Different tag results between two very similar sentences

Submitted by antodellanzo on Sun, 05/03/2020 - 19:39
Forums

Hello. I'm using freeling in python to analyze a set of newspaper articles in Spanish. I've updated the location gazetteers with a bunch of locations and I've removed all locations from other gazetteers (i.e. organization) because it would return some location as ORG and all I need are locations. I'm analyzing my text with tokenizer, splitter, ner-ab-rich.dat NER and finally nec-ab-rich.dat NEC (all with the default configuration, I haven't changed them). I'm having a problem with the two following sentences:
1- Título: VIRUS ZIKA - BRASIL: (SP) PRIMER CASO AUTOCTONO.
2- Título: ZIKA - BRASIL: (03) MICROCEFALIA, MUERTES, ACTUALIZACIÓN.
When feeling analyzes the first sentence, it returns the tag NP00G00 for brasil (being correctly a location) but for the second sentence it returns the tag NCMS000 for brasil.
So my question is why this could happen as both runs with the same configuration and are similar, but returns different results. And another question is if there's a way that I give higher priority to location gazetteers so I don't have to remove locations from ORG gazetteers or if it's right that I remove them.

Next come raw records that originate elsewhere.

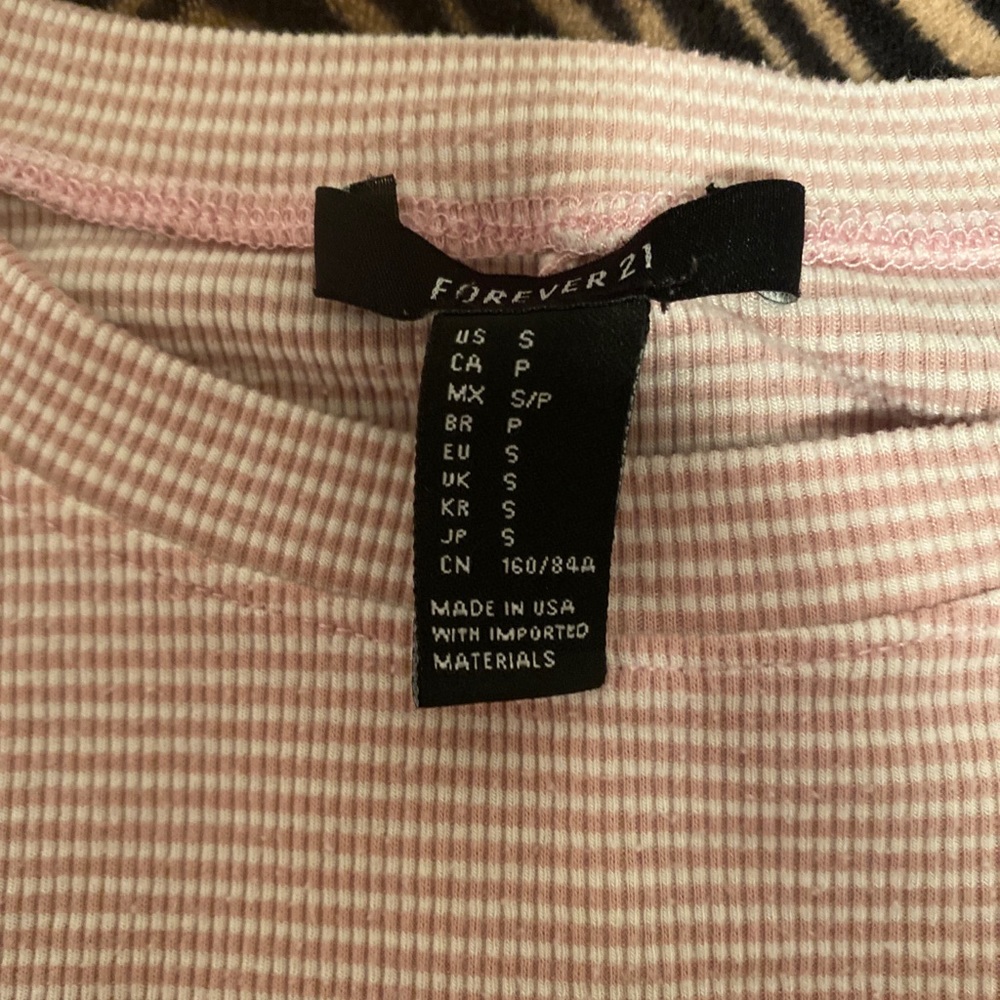 Crop top - Picture 2 of 2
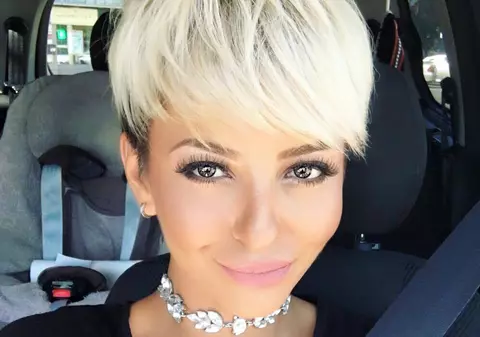 Giulia Anghelescu, fără pic de machiaj. Cum arată naturală cântăreaţa de 31 de ani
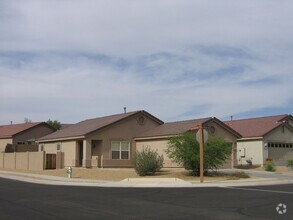 Building Photo - Gorgeous NW 3Bed & 2Bath Home in Rancho Vi...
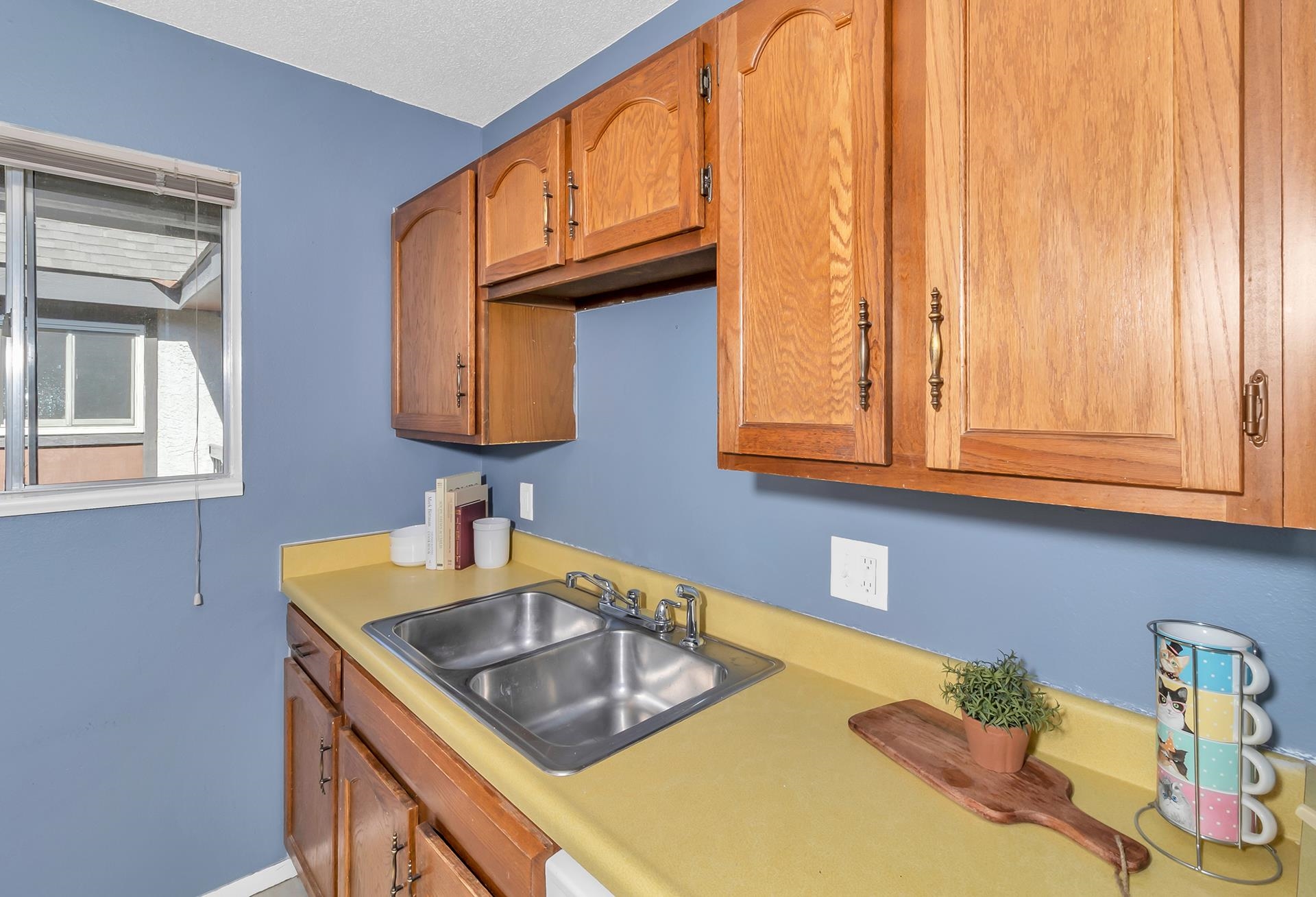 3156 Lakeside Drive Unit: 303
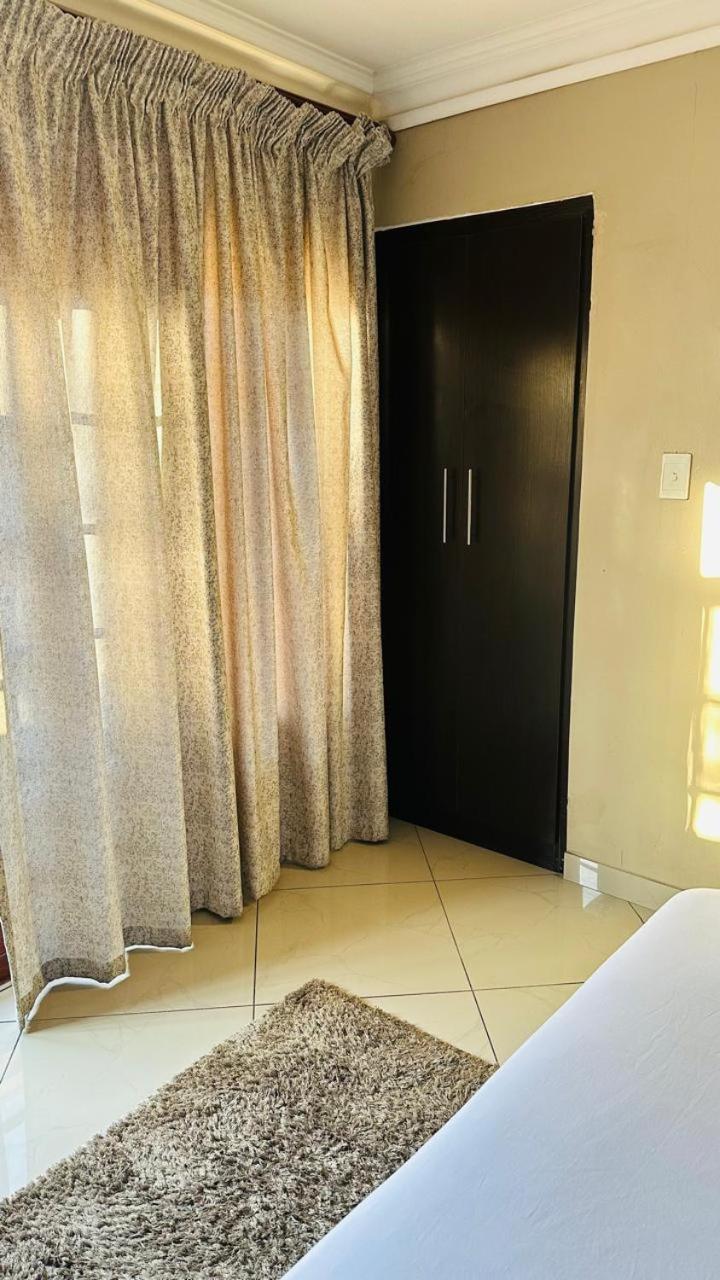 Sunrise Boutique Hotel Witbank Exterior foto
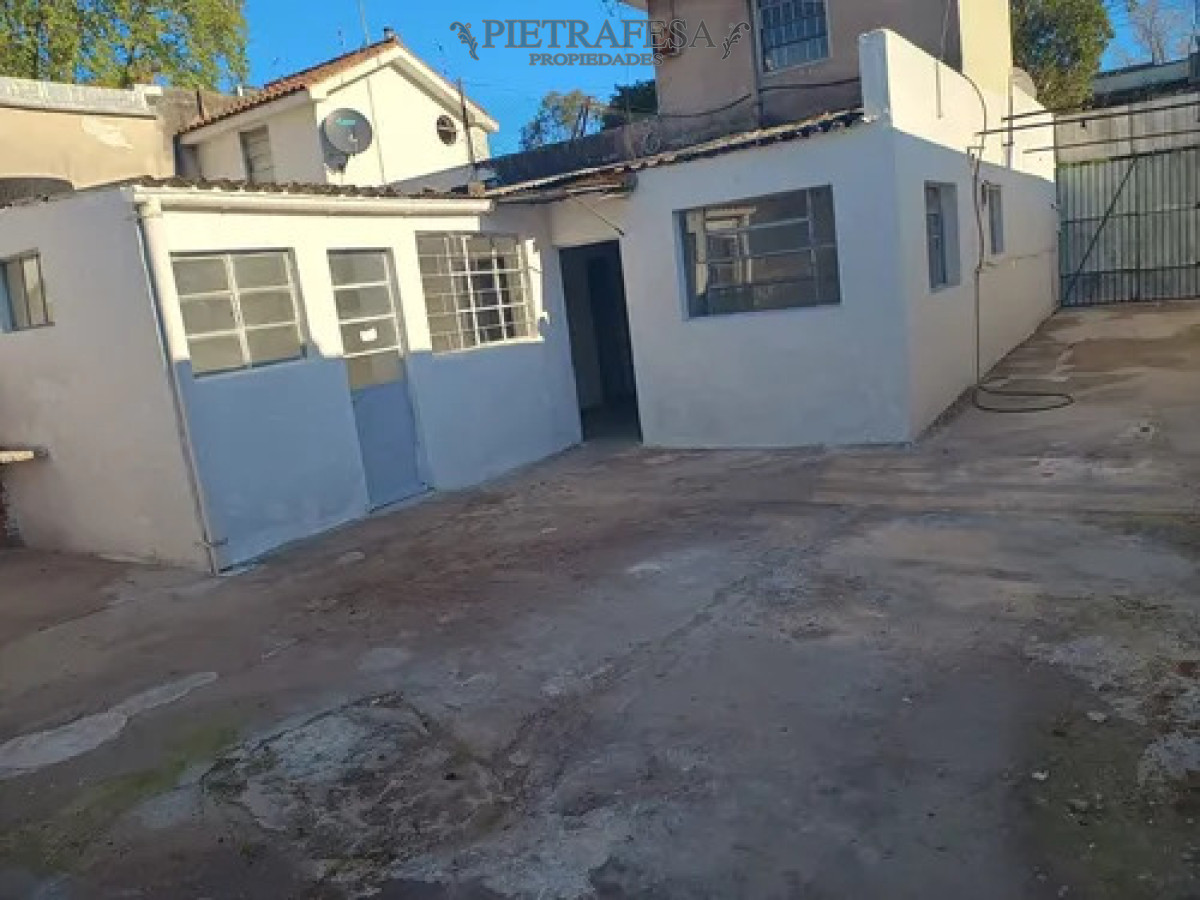 Casa ID.14576 - Casa en alquiler, 6 dormitorios, 2 baños, patio con parrillero, cocheras, azotea. Colon.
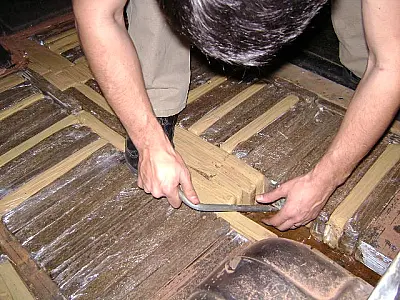Polícia apreende droga em fundo falso na carroceria de veículo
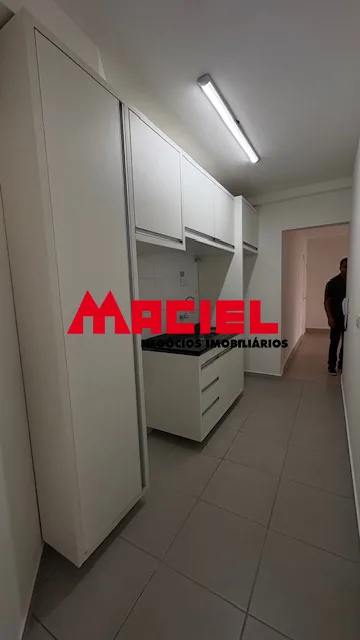 Alugar Apartamento / Padr&atilde;o em S&atilde;o Jos&eacute; dos Campos R$ 4.200,00 - Foto 7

Let me know if there's anything more that I can tell you about my configuration.

In my installation (latest github master), I get NP00O00 in both cases:

Título: VIRUS ZIKA - BRASIL: (SP) PRIMER CASO AUTOCTONO.
Título título NCMS000 1
: : Fd 1
VIRUS virus NCMN000 1
ZIKA zika NCFS000 1
- - Fg 1
BRASIL brasil NP00O00 1
: : Fd 1
( ( Fpa 1
SP sp NP00G00 1
) ) Fpt 1
PRIMER 1 AO0MS00 1
CASO caso NCMS000 0.999445
AUTOCTONO autoctono NCMS000 1
. . Fp 1

Título: ZIKA - BRASIL: (03) MICROCEFALIA, MUERTES, ACTUALIZACIÓN.
Título título NCMS000 1
: : Fd 1
ZIKA zika NCFS000 1
- - Fg 1
BRASIL brasil NP00O00 1
: : Fd 1
( ( Fpa 1
03 3 Z 1
) ) Fpt 1
MICROCEFALIA microcefalia NCFS000 1
, , Fc 1
MUERTES muerte NCFP000 1
, , Fc 1
ACTUALIZACIÓN actualización NCFS000 1
. . Fp 1

 

FreeLing NERC systems are all based on machine learning. That means that they learn from annotated data, and try to reproduce the learned behaviour in the new data.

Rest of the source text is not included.